* [TASK REQUIREMENTS]
Your answer must consist solely of the lines from the one containing "Front 4.10-6 Rear" through the last line of the records below, reproduced exactly, with all pictures omitted.

**** INPUT FOR THIS TASK ****

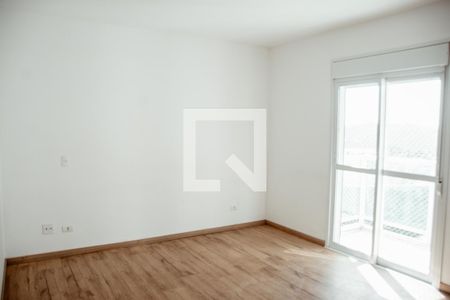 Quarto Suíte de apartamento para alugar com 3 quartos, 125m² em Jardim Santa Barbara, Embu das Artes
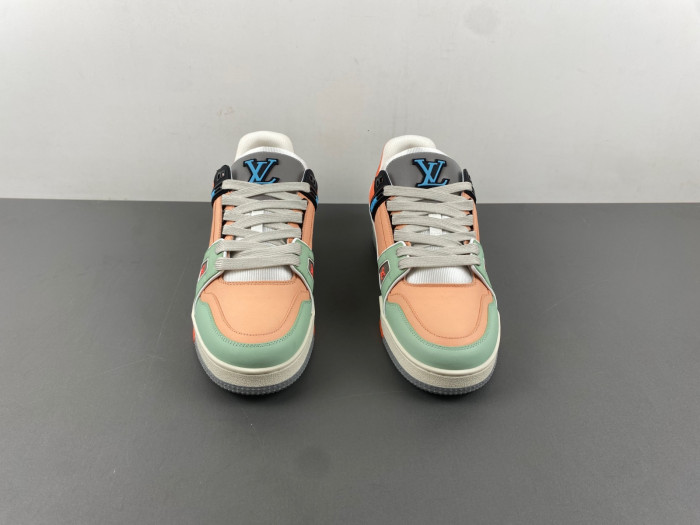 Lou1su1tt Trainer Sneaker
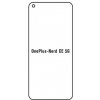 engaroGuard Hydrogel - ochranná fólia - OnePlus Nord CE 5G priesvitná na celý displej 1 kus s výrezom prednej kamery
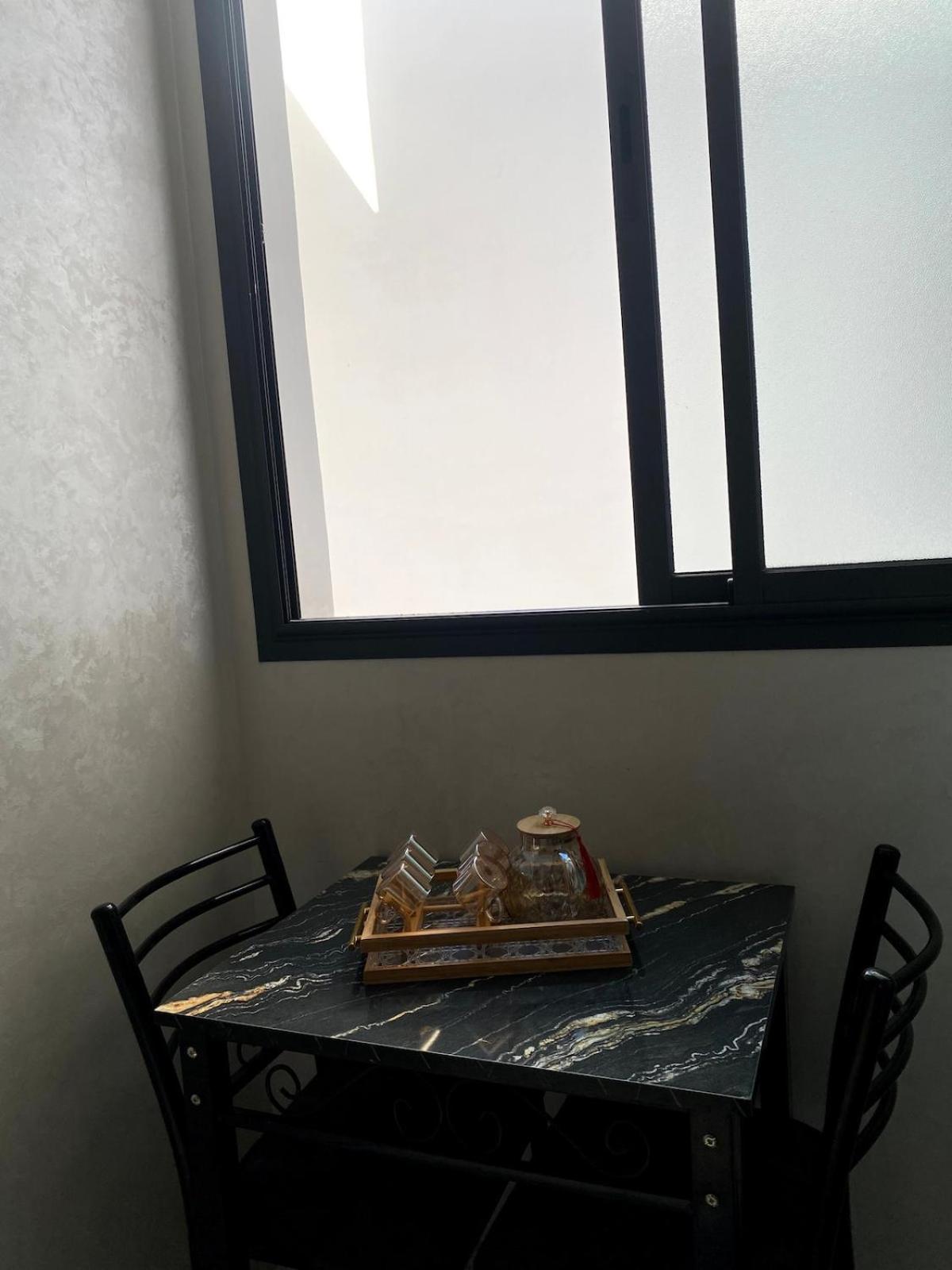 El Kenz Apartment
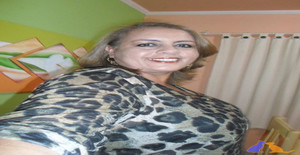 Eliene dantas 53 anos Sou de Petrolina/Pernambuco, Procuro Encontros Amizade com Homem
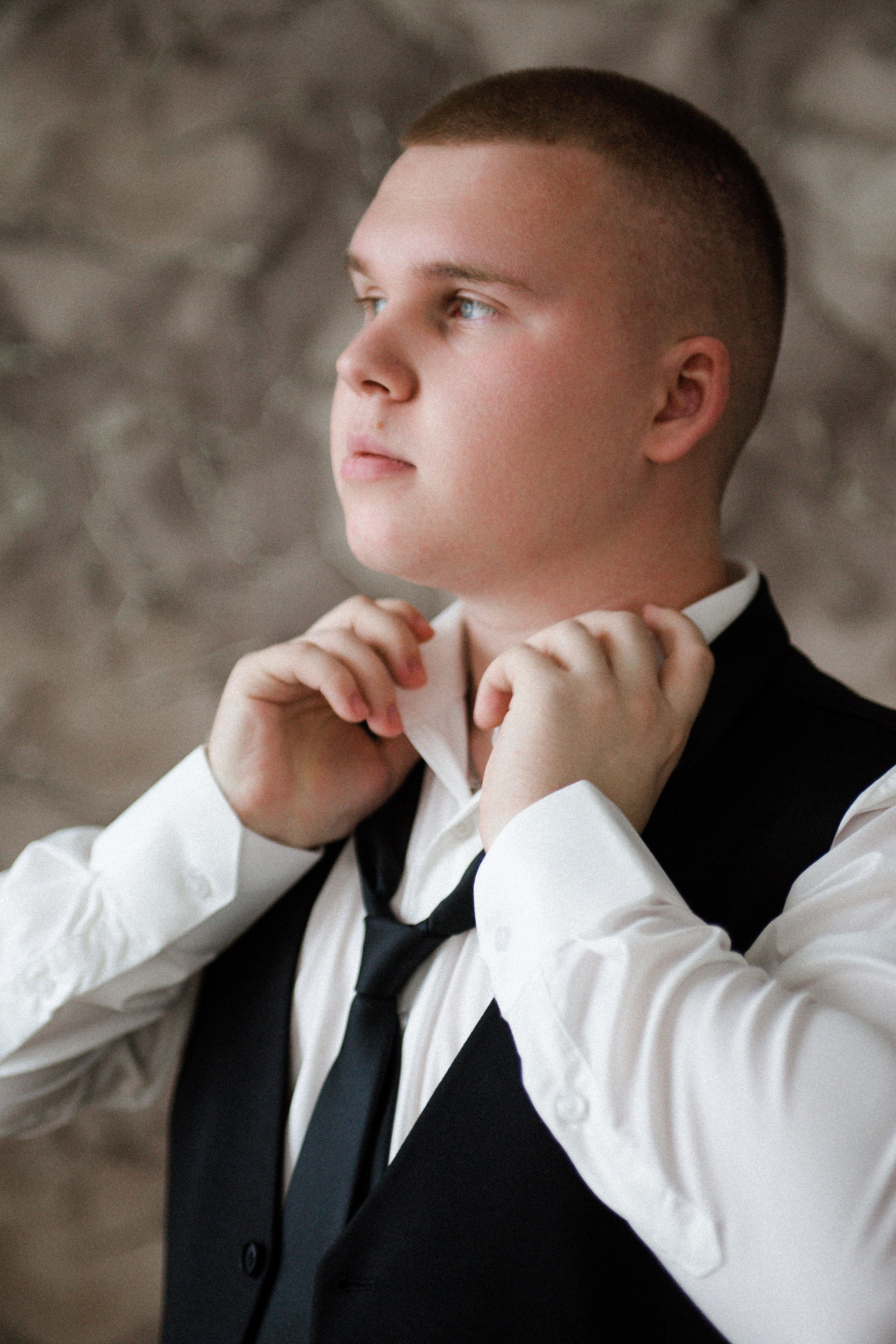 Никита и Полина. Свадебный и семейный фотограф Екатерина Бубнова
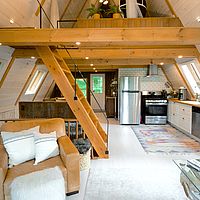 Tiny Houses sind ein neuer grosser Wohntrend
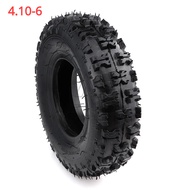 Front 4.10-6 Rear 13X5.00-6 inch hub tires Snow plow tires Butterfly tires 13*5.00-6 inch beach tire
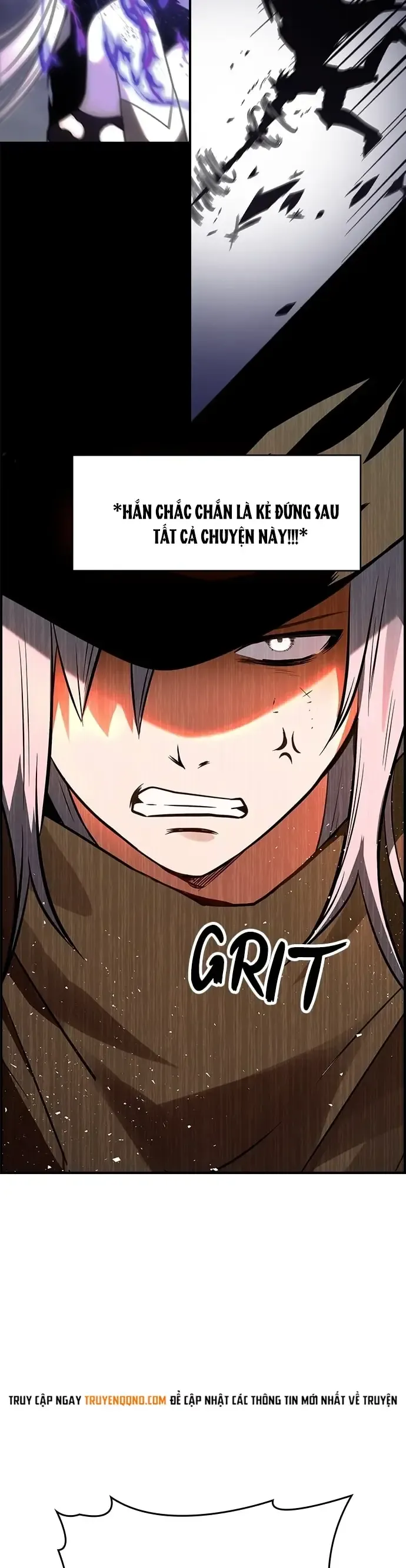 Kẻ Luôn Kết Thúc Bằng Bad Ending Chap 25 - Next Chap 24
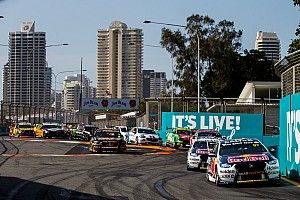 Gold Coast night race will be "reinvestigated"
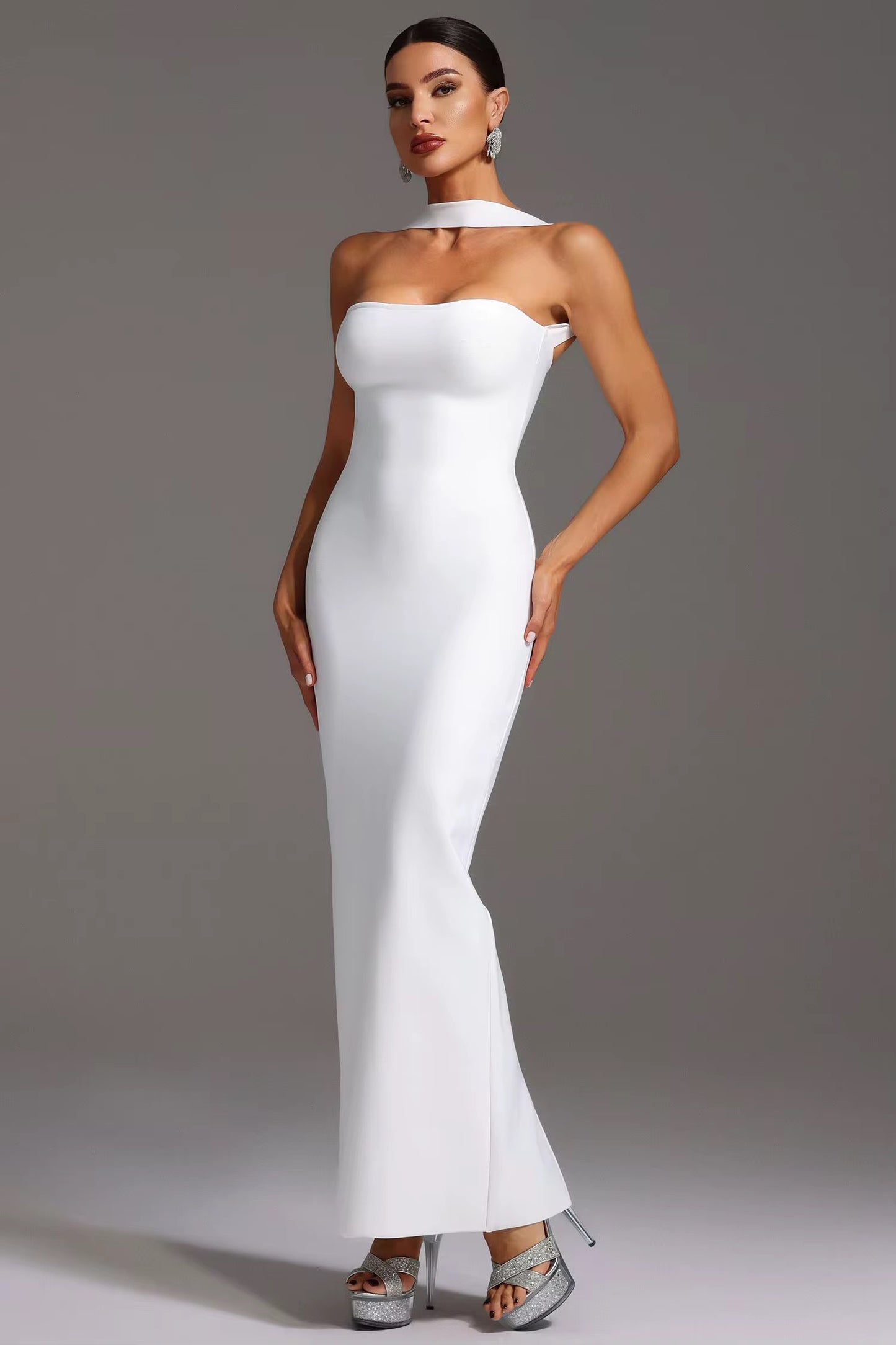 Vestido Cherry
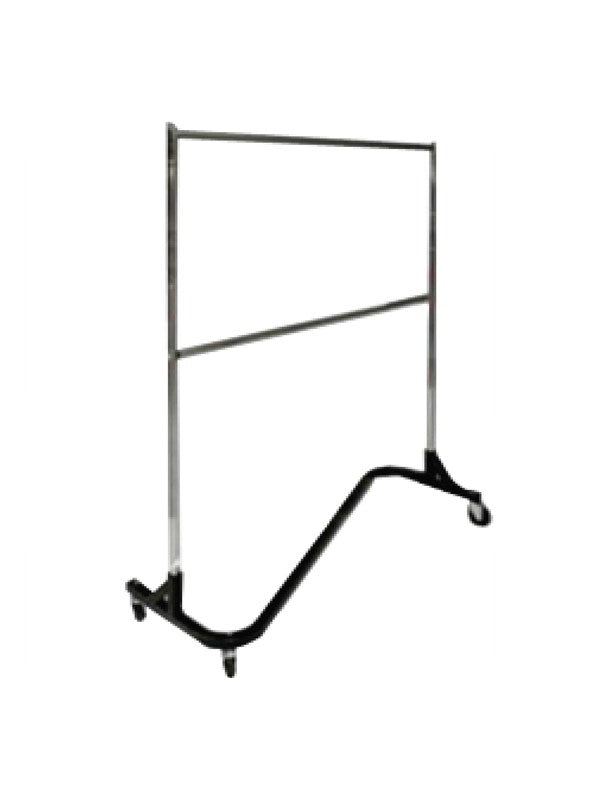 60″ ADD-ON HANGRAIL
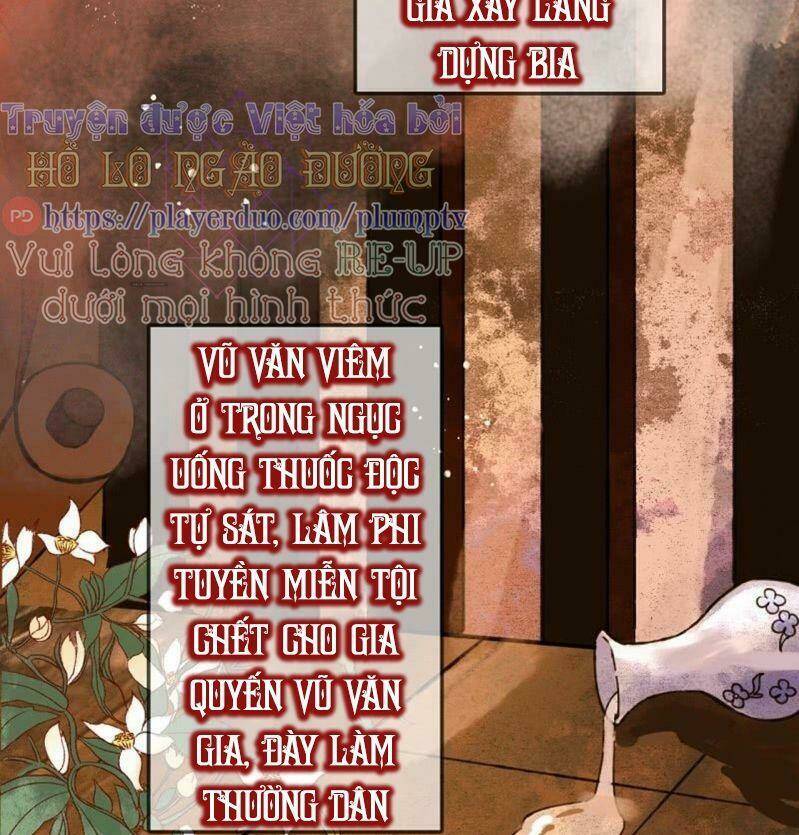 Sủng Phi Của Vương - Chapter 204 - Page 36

****

* [RESULT]
 Front 4.10-6 Rear 13X5.00-6 inch hub tires Snow plow tires Butterfly tires 13*5.00-6 inch beach tire
 Kẻ Luôn Kết Thúc Bằng Bad Ending Chap 25 - Next Chap 24
 Gold Coast night race will be "reinvestigated"
 Vestido Cherry
 60″ ADD-ON HANGRAIL
 Sủng Phi Của Vương - Chapter 204 - Page 36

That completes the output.